Shredded is a fast-paced, fun read that tackles feminism, friendship, sexism, and sibling rivalry. Even readers unfamiliar with BMX or extreme sports will be caught up in the adrenaline rush of Josie’s tricks, wipeouts, and wins. Hints of romance provide extra conflict without overtaking the main story.
Ideal for fans of realistic young adult fiction, Shredded features a strong female lead character who goes after what she wants by taking action.
Experience the rivalries, rejections, and triumphs of rule-breaking, gravity-defying girls who shred.
Engrossing, pulse-racing and features one hell of a daredevil for a heroine!
I'm all for strong female heroines in stories, and that was the main reason why I was so ecstatic when I was approved to read and review Shredded by Karen Avivi!
I LOVE JOSIE!!! She thrives in the male-dominated sport of freestyle BMX and kicks ass like it's nothing! And at the heart of it all, I appreciate that Josie took the lead and initiated change by leading female BMXers to be recognized.
First off, I do not know any trick on BMX. I only know how to ride a bike, and that's the extent of my talent when it comes to bicycles. But I do however, have experienced being the only female in a male-dominated environment.
I am a bit boyish in real life.

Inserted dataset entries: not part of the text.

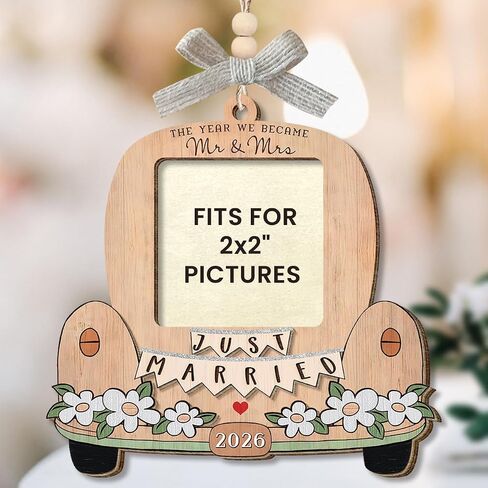 Personalized Wedding Gifts for Couples 2026 - Valentines Day Gifts for Him Her, Bridal Shower Gift for Bride, Newly Wed Gifts for Mr and Mrs Couple, Custom Wooden Ornaments with Picture in Saudi Arabia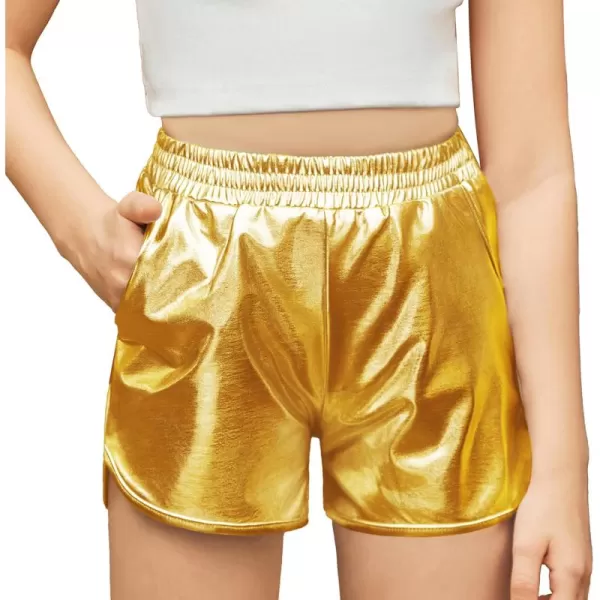 Arshiner Girls Metallic Shorts Summer Sparkly Shiny Hot Dance Athletic Pants Shorts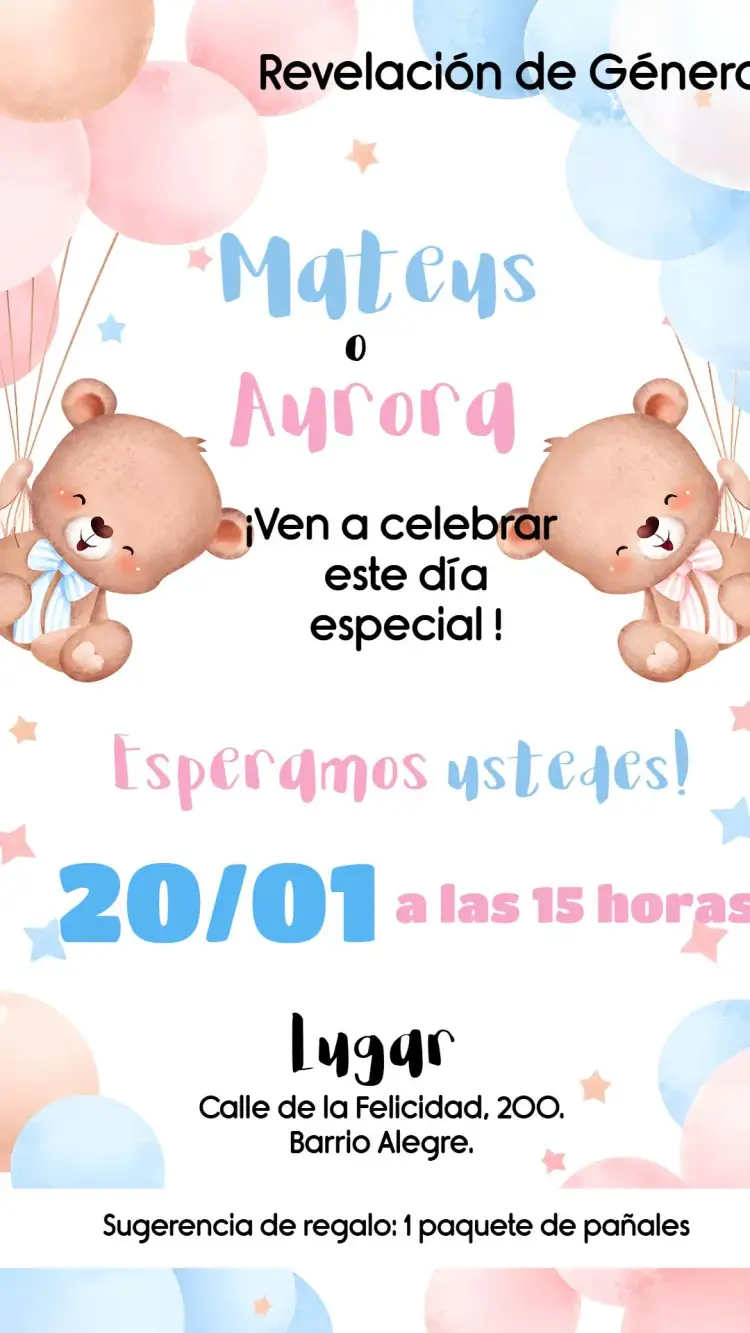 Invitación Chá Revelación Ositos Globos - Rosa y Azul Niño – tema Revelación Bebé osos de peluche, globos, rosa, azul, infantil, divertido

I used to do Taekwondo and was the only female student when I joined the local dojang. Whenever the students paired up, I was always the odd one out, and the teacher often noticed me, but that didn't make me stop doing the sport. In College, we had summer training for Taekwondo because I got into the varsity team. I was still the only female during the summer training, so I had to endure lots of bruising because of sparring with guys twice my size. This background made me really appreciate Josie.
Story-wise, I appreciate that the story didn't solely focus on the romance aspect. This was actually one story where I was against the romance part, and was more into Josie as a character and her crusade to have female BMXers get the respect and recognition that they deserve. While I was reading on the latter part of the book, I got a little worried because Josie might lose herself and give into her attraction to RT. Thank God the ending was perfect, and I felt vindicated.
Also, I love that aside from the emotional roadblocks that Josie had to go through because of her personality, she also had to deal with external forces like having her parents agree for her to join a BMX competition in another place. Having to earn her parents' permission was really relatable, and the degree of dedication Josie showed for the craft she loved was really inspiring.
I also liked that she had to actually deal with male BMXers who are asses. They get more recognition and perks during competitions, but Josie did not let this faze her. And there was also RT Torres, the potential love interest. I was a bit disappointed that he didn't deliver when it counted, but I loved Josie more so it wasn't really a loss on Josie's part.
The side characters are also awesome! I love the other two girls that Josie connected with because of BMX. They're definitely not your typical girls, and I really liked that about them. It's nice to have like-minded individuals as back-ups.
All in all, I highly recommend this to young-adult readers. This book is one very good example that young-adult books don't necessarily need to be about romance in order to be great. Karen Avivi's Shredded has a great plot, great development and one kickass female lead!